For the three months ended March 31, 2016 and 2015, share-based compensation expense applicable to the stock options was $53 thousand and $47 thousand, respectively. The recognized tax benefit related to this expense was $9 thousand for both periods.

 

Unrecognized compensation expense for non-vested stock options totaled $399 thousand as of March 31, 2016, which will be recognized over the remaining vesting period of 1.91 years.

 

Stock Awards

 

There was no activity in the non-vested stock awards under the Equity Incentive Plan for the three months ended March 31, 2016.

 

For the three months ended March 31, 2016 and 2015, compensation expense applicable to the stock awards was $74 thousand and $80 thousand, respectively. The recognized tax benefit related to this expense during the same periods was $30 thousand and $32 thousand, respectively.

 

Unrecognized compensation expense for non-vested restricted stock totaled $570 thousand as of March 31, 2016, which will be recognized over the remaining weighted average vesting period of 2.14 years.

 

NOTE 10 EARNINGS PER COMMON SHARE

 

Basic earnings per share represents income available to common stockholders divided by the weighted average number of common shares outstanding during the period.
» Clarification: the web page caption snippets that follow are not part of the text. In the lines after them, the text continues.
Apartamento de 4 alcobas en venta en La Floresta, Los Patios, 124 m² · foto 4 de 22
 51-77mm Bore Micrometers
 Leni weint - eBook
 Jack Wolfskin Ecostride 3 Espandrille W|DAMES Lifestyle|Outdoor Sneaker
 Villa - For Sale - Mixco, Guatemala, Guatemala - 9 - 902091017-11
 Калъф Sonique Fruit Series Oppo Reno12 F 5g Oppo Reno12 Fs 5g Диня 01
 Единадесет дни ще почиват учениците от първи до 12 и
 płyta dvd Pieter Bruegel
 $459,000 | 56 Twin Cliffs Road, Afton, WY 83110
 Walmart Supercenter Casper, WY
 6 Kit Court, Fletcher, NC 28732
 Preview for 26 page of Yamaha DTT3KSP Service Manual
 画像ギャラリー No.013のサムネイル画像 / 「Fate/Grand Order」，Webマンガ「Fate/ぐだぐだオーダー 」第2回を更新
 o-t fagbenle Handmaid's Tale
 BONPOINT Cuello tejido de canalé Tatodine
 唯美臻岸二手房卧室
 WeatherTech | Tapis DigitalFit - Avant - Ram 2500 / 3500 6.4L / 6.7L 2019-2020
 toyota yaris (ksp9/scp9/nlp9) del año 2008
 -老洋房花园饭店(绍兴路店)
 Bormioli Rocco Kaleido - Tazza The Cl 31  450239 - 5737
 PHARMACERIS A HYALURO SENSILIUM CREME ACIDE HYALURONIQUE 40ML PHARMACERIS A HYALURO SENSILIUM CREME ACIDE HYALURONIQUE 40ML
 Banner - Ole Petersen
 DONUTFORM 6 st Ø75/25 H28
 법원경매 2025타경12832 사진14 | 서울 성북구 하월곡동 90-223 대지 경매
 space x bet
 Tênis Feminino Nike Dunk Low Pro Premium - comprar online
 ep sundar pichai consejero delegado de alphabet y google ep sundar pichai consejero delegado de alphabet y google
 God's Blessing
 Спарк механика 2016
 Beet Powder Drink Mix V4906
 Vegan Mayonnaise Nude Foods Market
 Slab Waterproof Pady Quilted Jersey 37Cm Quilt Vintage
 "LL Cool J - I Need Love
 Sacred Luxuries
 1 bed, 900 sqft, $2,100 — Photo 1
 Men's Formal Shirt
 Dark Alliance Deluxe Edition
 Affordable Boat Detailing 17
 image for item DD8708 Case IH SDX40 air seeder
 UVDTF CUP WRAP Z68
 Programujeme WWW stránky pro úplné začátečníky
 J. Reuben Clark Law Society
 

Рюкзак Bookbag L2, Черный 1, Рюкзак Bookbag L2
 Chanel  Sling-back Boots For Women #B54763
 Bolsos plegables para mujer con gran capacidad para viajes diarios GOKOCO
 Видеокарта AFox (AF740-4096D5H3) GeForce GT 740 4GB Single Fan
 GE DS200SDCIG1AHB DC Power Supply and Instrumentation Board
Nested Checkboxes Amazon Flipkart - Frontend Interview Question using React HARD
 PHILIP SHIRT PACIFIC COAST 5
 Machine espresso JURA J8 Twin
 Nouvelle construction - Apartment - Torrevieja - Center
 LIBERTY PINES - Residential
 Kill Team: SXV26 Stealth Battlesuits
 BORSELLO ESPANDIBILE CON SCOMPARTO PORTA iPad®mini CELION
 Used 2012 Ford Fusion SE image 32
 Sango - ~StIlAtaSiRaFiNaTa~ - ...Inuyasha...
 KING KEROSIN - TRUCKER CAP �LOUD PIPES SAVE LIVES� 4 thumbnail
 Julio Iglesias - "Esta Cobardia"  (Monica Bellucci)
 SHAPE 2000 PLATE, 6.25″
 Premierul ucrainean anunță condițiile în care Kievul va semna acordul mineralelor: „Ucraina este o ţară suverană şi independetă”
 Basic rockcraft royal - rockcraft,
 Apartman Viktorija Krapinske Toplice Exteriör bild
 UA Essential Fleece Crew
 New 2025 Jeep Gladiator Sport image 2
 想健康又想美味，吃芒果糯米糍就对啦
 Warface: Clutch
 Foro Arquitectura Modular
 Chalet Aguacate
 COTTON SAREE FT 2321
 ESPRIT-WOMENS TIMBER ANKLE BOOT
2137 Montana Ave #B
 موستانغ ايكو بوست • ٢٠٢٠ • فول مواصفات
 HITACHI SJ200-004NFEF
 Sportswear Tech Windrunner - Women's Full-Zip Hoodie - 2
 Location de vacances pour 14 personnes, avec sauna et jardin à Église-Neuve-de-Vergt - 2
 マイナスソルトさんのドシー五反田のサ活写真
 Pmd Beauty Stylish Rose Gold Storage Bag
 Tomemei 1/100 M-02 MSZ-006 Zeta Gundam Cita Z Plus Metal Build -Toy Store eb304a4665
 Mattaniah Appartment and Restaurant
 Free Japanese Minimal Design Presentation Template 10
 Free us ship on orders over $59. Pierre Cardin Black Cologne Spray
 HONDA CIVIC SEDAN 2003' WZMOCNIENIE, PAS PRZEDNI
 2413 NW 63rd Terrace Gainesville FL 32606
Diluted earnings per share reflect additional common shares that would have been outstanding if dilutive potential common shares had been issued, as well as any adjustment to income that would result from the assumed issuance. Unallocated ESOP shares are not deemed outstanding for earnings per share calculations. Under the Company’s Equity Incentive Plan, stock awards contain non-forfeitable dividend rights. Accordingly, these shares are considered outstanding for computation of basic earnings per share. Potential common shares that may be issued by the Company relate to outstanding stock options and are determined using the treasury stock method.

 

20 

 

  

Earnings per common share have been computed as follows:

 

   Three Months
Ended
March 31, 2016
   Three Months
Ended
March 31, 2015
 
   (Dollars in thousands) 
Net income applicable to common stock  $732   $459 
           
Average number of common shares outstanding   2,458,553    2,459,138 
Less: Average unallocated ESOP shares   (139,616)   (152,454)
Average number of common shares outstanding used to calculate basic earnings per common share   2,318,937    2,306,684 
           
Effect of dilutive  of stock options   20,863    11,910 
           
Average number of common shares outstanding used to calculate diluted earnings per common share   2,339,800    2,318,594 
           
Earnings per common share:          
Basic  $0.32   $0.20 
Diluted  $0.31   $0.20 

 

Options for 43,400 shares and 6,601 were not included in the computations of diluted earnings per share because to do so would have been anti-dilutive for the three months ended March 31, 2016 and 2015, respectively. Anti-dilutive shares are common stock equivalents with exercise prices in excess of the average market value of the Company’s stock for the periods presented.

 

NOTE 11 – STOCK REPURCHASE PLAN

 

On October 1, 2012, the Board of Directors approved the repurchase of up to 96,286 shares, or approximately 4.0% of the Company’s outstanding common stock. At March 31, 2016, the Company had repurchased and retired 40,535 shares.

 

NOTE 12 – DIVIDENDS DECLARED

 

On February 17, 2016, the Company announced that its Board of Directors declared a quarterly cash dividend of $0.03 per share on the Company’s common stock. The dividend was paid on March 16, 2016 to stockholders of record on March 2, 2016.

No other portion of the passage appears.